By David Urani
Peabody Energy (BTU) turned in a better than anticipated Q1 result, and although it still ran at a $0.05 per share loss during the quarter, that was $0.09 better than consensus. In the meantime, revenue was down 14% year over year. Some of the relative success of the quarter could be attributed to cost management, but the factor that's particularly interesting to me is the ongoing fight between natural gas and coal for power generation.
Much of coal's bane in the past five years of course has been the gas boom here in the U.S. lowering prices for natural gas. It's approximately below the price of $4 (per million BTU) that natural gas becomes the more attractive, cheaper option over coal. Yet over the past year natural gas prices seemingly bottomed out at $2 last April and have been trending higher. Just today, the EIA actually reported a weekly supply increase that was smaller than expected, which has led to a near 4% spike in natural gas futures to $4.38.
As Peabody reported today, that shift back to coal from natural gas was already occurring to some extent in the first quarter. Management commented that overall natural gas generation was down 11% during the quarter. Furthermore, that trend accelerated in March, when natural gas generation was down 16% year over year while coal was up 15%. Consequentially, Peabody's expectations for coal demand to pick up in 2013 over 2012 look well in place. That said, BTU's Q2 earnings guidance was a little soft, with expectations of -$0.25 to +$0.01 per share vs. the +$0.01 consensus. However, the guidance seems to reflect an operational event (moving two longwall mining operations).
For today, the coal industry is liking the results and commentary out of BTU, as well as the further spike in natural gas prices. Peers like Walter Energy (NYSE:WLT) (+4.3%), Alpha Natural (ANR) (+8.6%), Arch Coal (NYSE:ACI) (+11.6%), and Consol (NYSE:CNX) (+7.2%) are having a strong day. BTU was up 9.8% at midday. Nevertheless, keep in mind this is a beaten down industry that's coming off a low base. But if coal is indeed making a turnaround, these heavily weighed-down stocks can make huge moves higher quite quickly.

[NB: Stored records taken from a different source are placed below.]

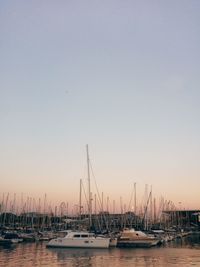 Sailboats moored in harbor at sunset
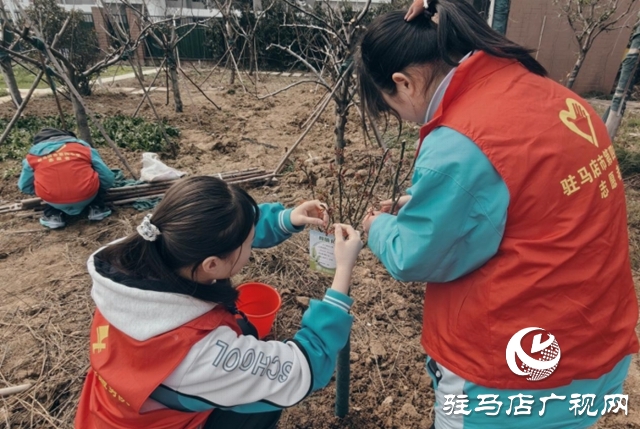 驻马店市第四中学开展植树节志愿服务活动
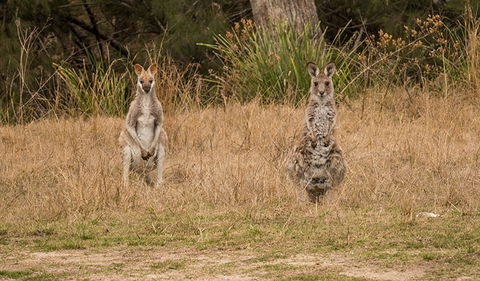 Mann River Nature Reserve - Accommodation Sunshine Coast 1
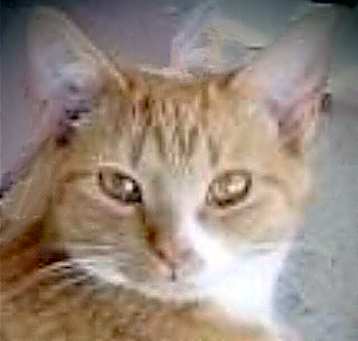 Photo of TUTULI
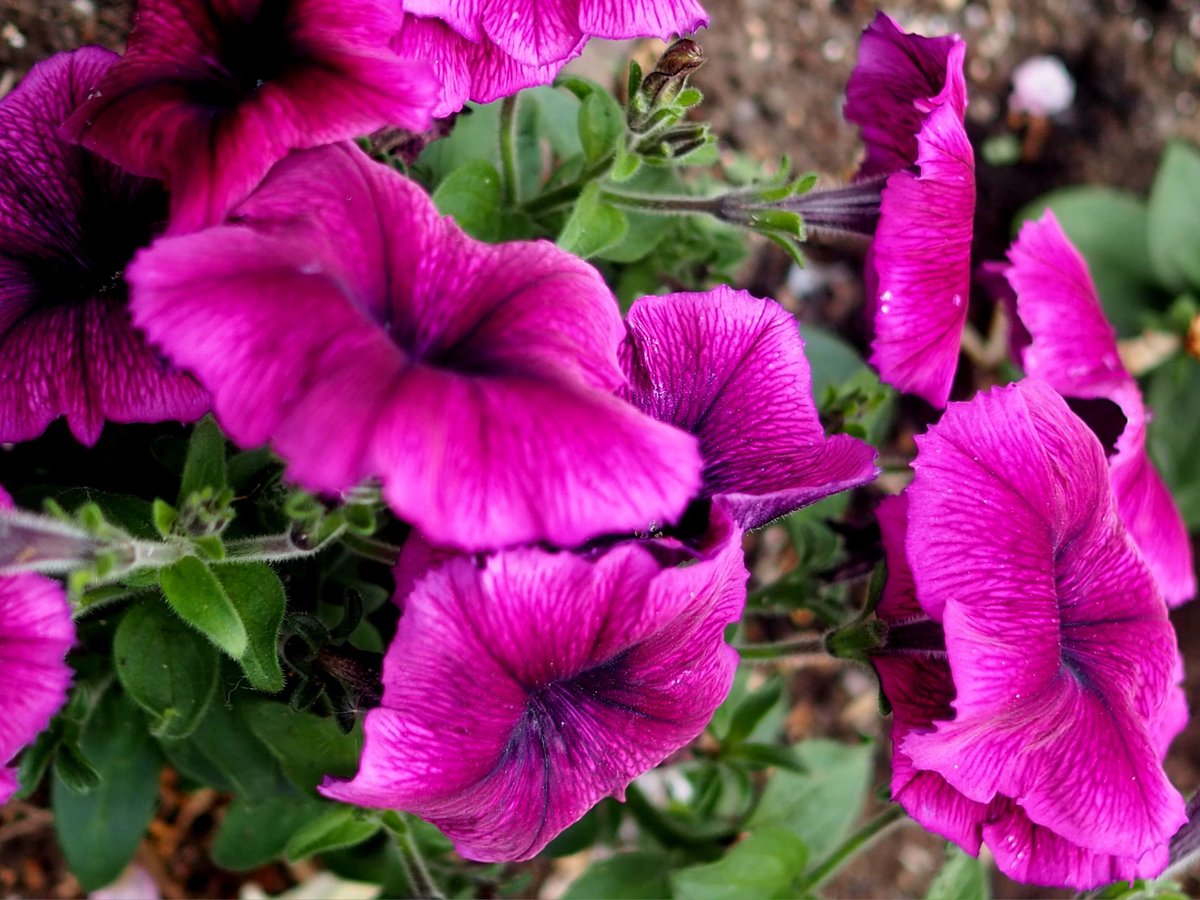 𓏸𓈒花凛𓈒𓏸…˖*֒ tweet media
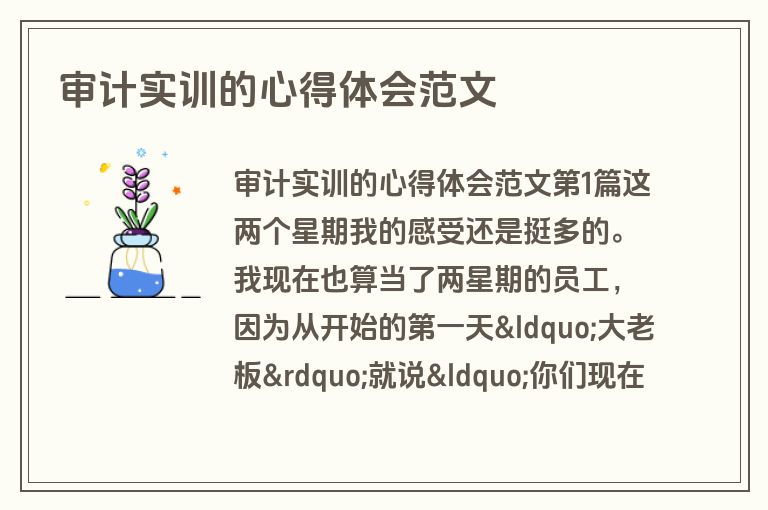 审计实训的心得体会范文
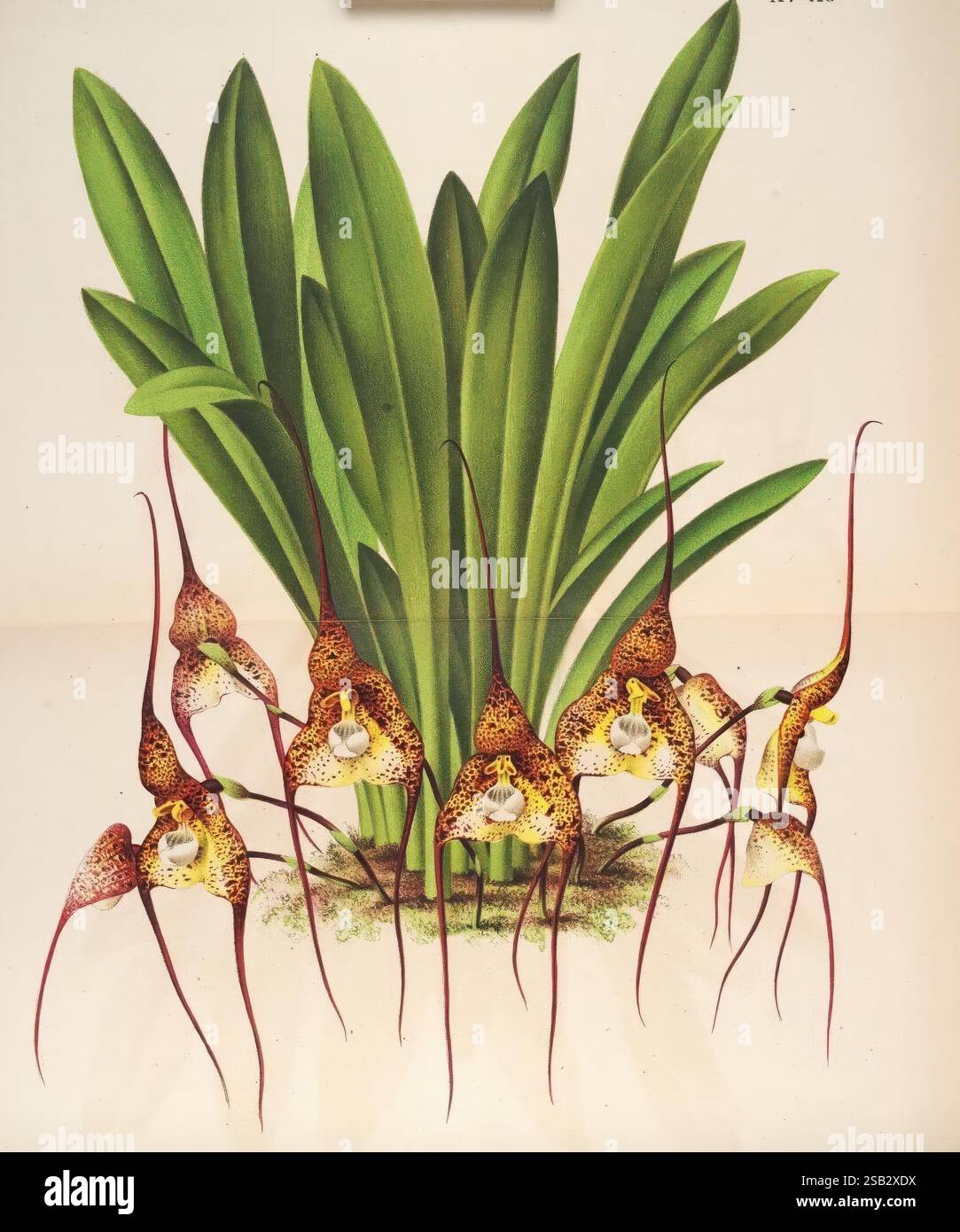 L'Illustration horticole, Gand, Belgien, Imprimerie et lithographie de F. et E. Gyselnyck, 1854-1896, Blumenzucht, Gartenbau, Gewächshäuser, Gartenbau, Periodika, die Komposition zeigt eine Gruppe von auffälligen Orchideen, die sich durch ihre langen, spinnenähnlichen Blüten und einzigartigen gefleckten Muster auszeichnen. Die leuchtenden Gelb- und Brauntöne bilden einen fesselnden Kontrast zu den üppig grünen Blättern, die das Arrangement einrahmen. Jede Orchidee weist eine eigene Struktur auf, wobei einige Lippen hervortreten, die ihren Reiz verstärken. Die Gesamtszene verkörpert die Eleganz und Komplexität der Natur Stockfoto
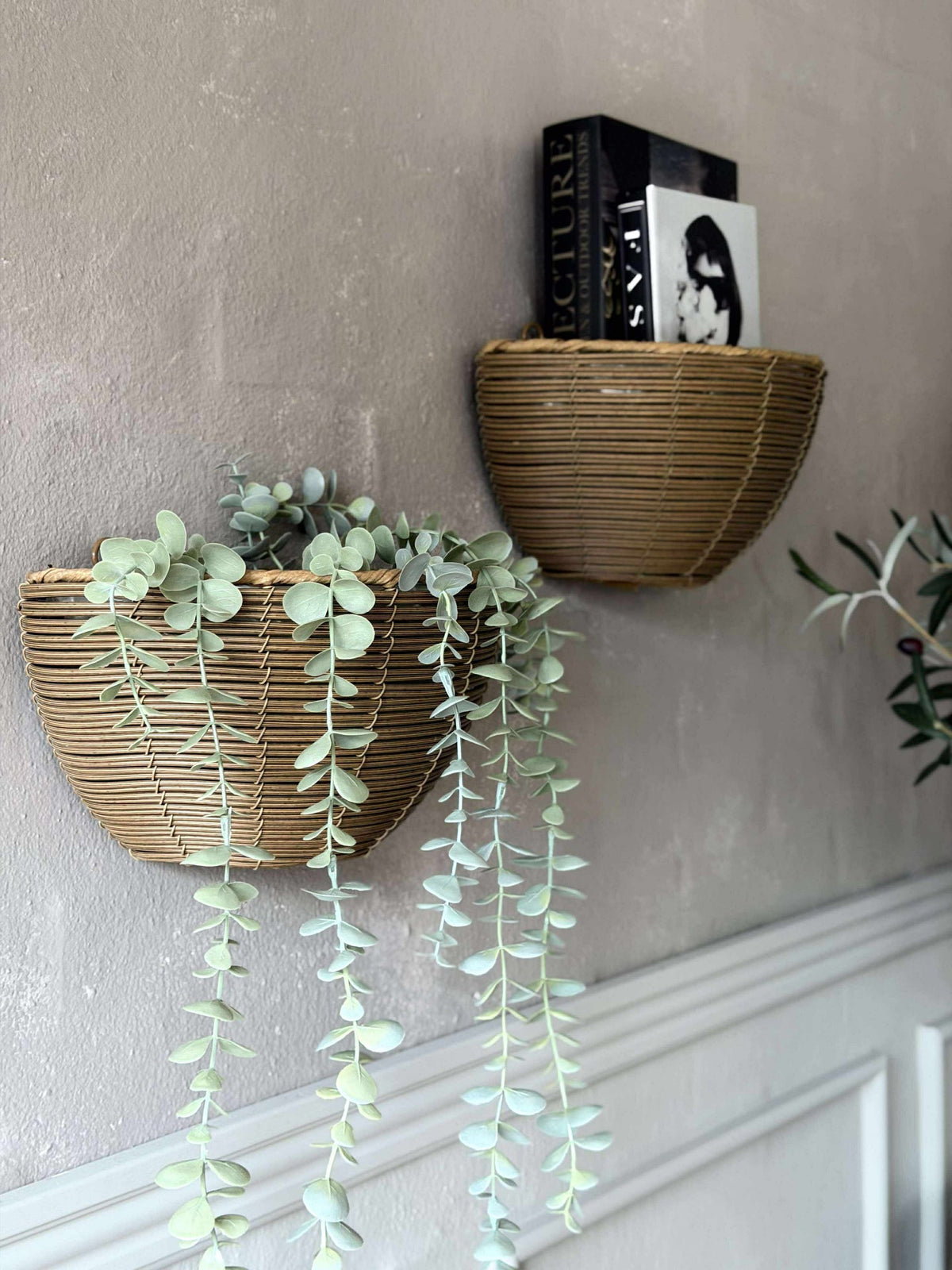 Plantenmand Rotan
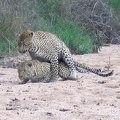 african leopards 09 dec 2004 pic4 001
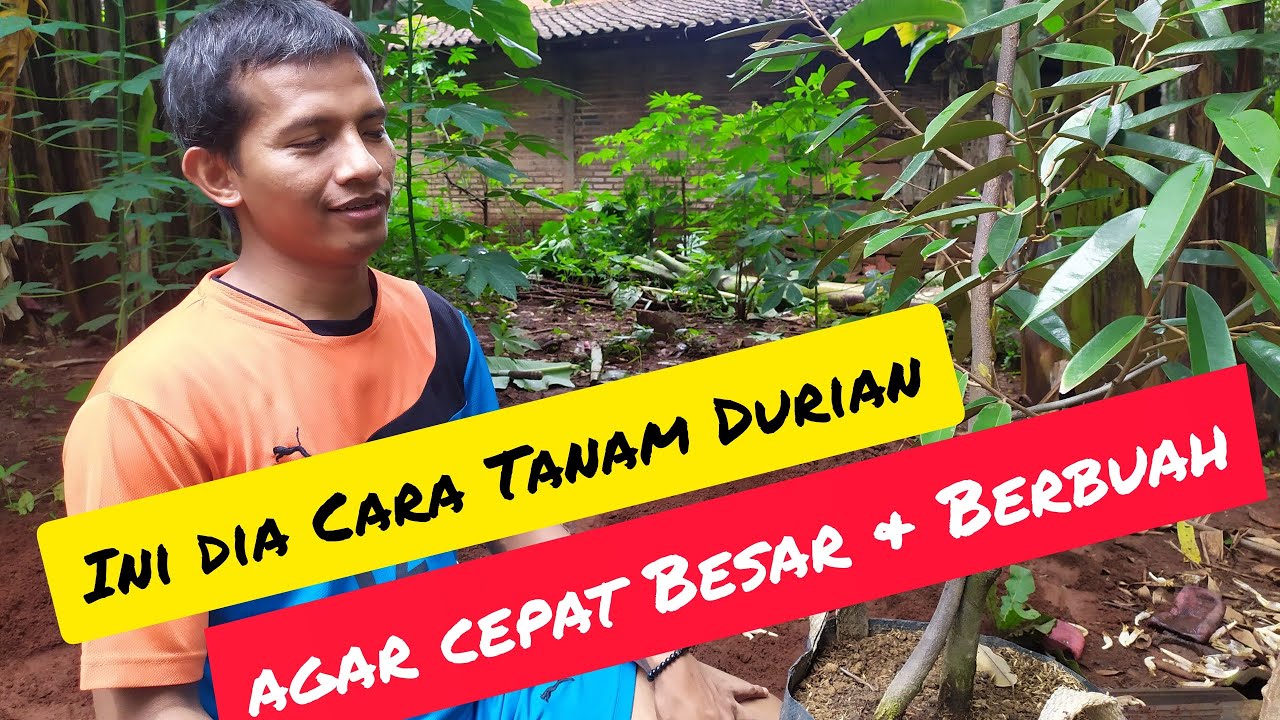 Rahasia Menanam Durian agar Cepat Besar & Berbuah 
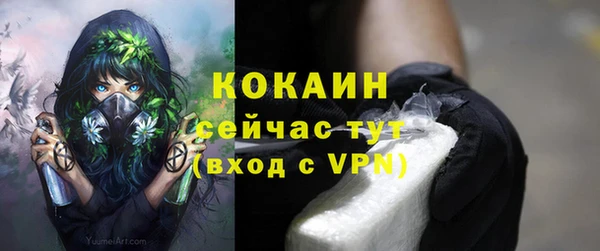 тгк Новозыбков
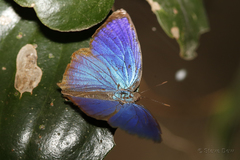 Arhopala micale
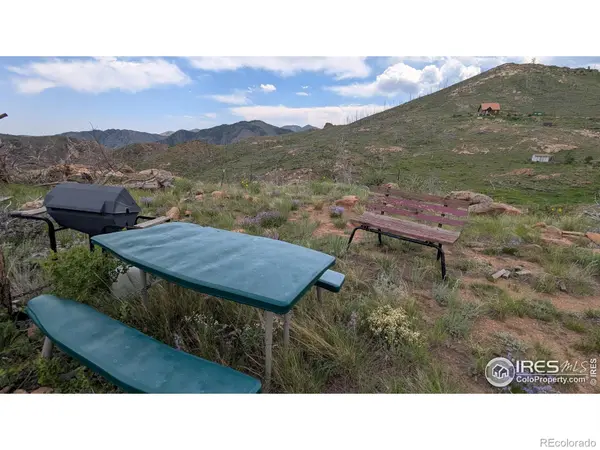 1360 Meadow Mountain DR, Livermore, CO 80536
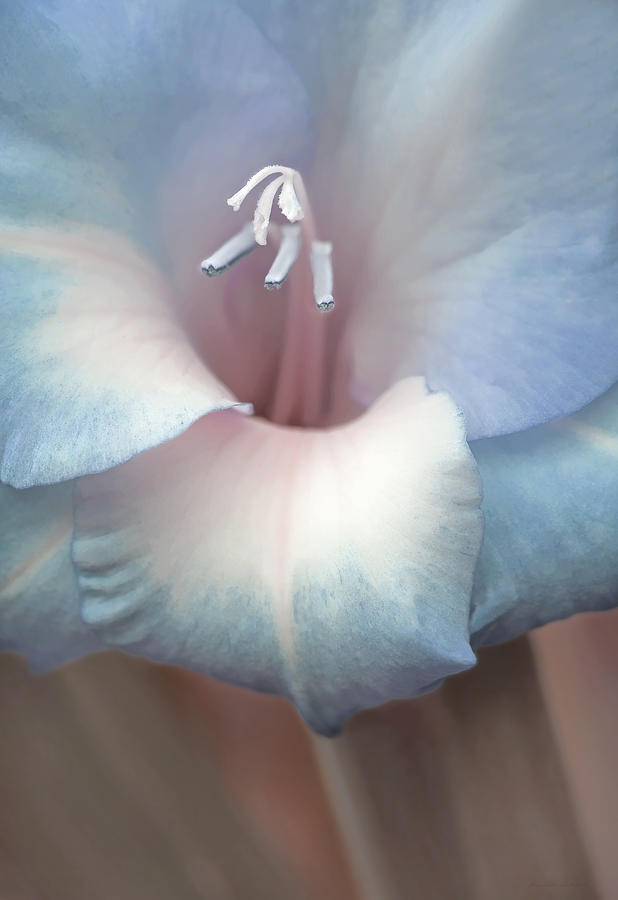 Gladiola Flower Soft Blues Photograph by Jennie Marie Schell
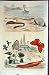 1839 H/C Natural History *029 Sea Creatures Butterflies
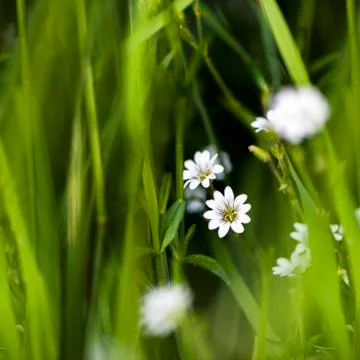White tiny meadow blossoms Foto stock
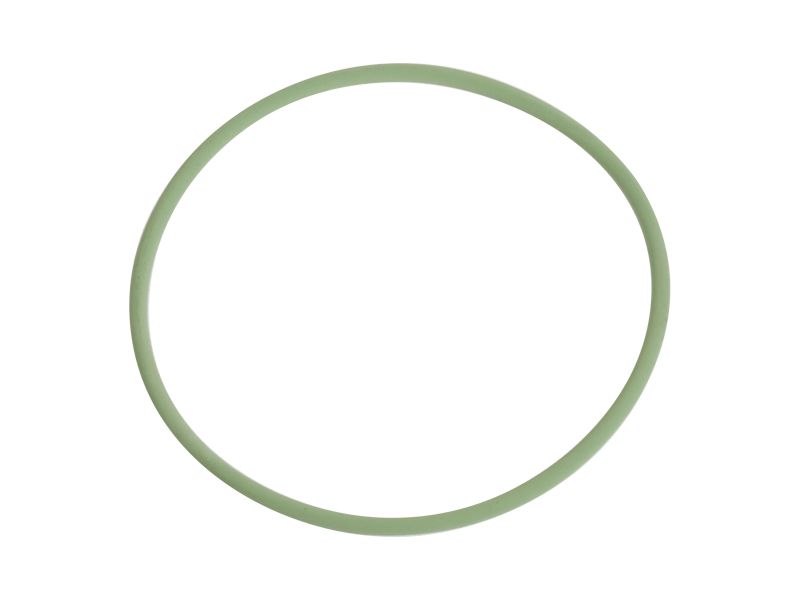485-9981: УПЛОТНИТЕЛЬНОЕ КОЛЬЦО 4859981 купить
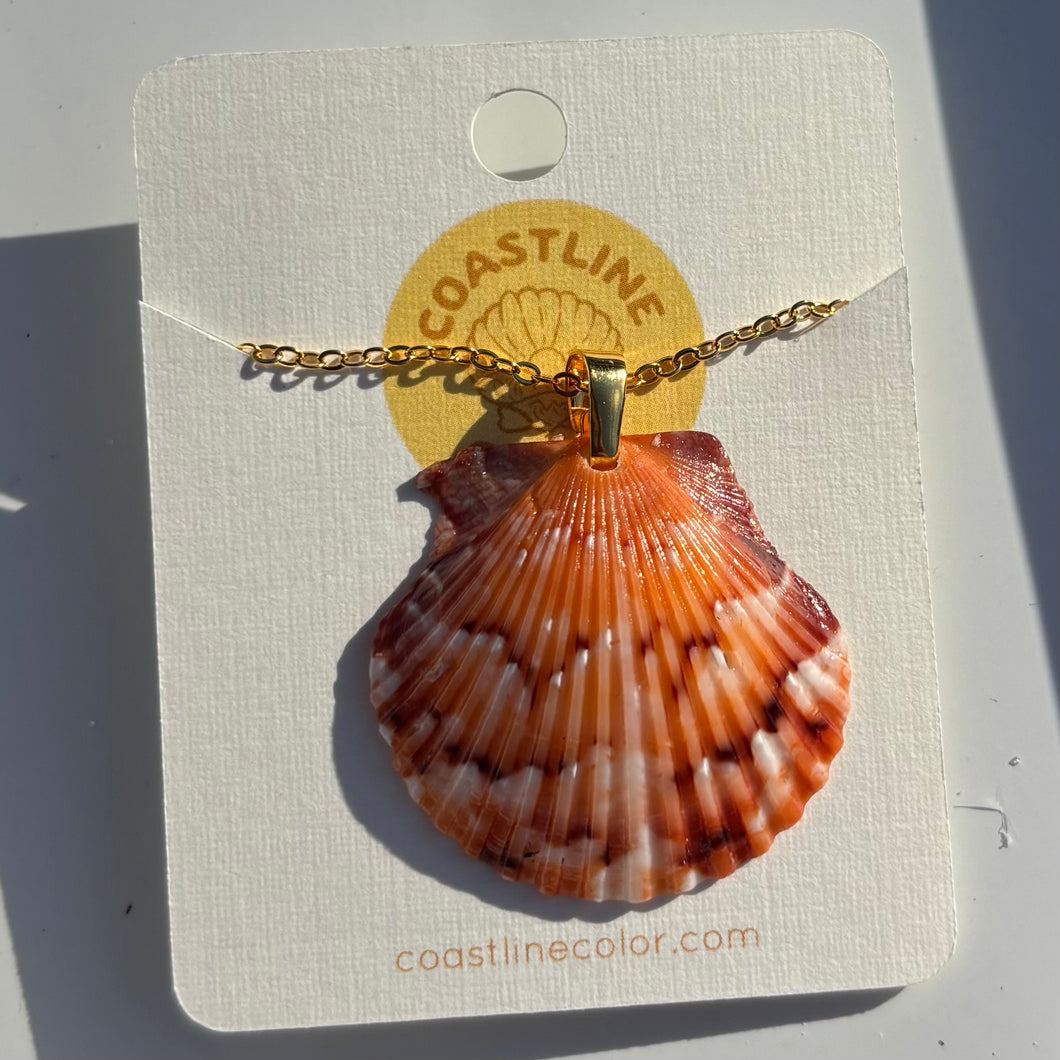 *Rare Finds* Dainty Gold Seashell Necklace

Lastly, I would also say that the government certainly has made it known whose side they're on in the natural gas/coal battle. In that sense, this industry may not entirely be a "free market" -- and it's weighed against coal. It's a high-risk/high-reward situation, and if you're so inclined to take a stab at the potential coal turnaround story I'd recommend using a stop-loss.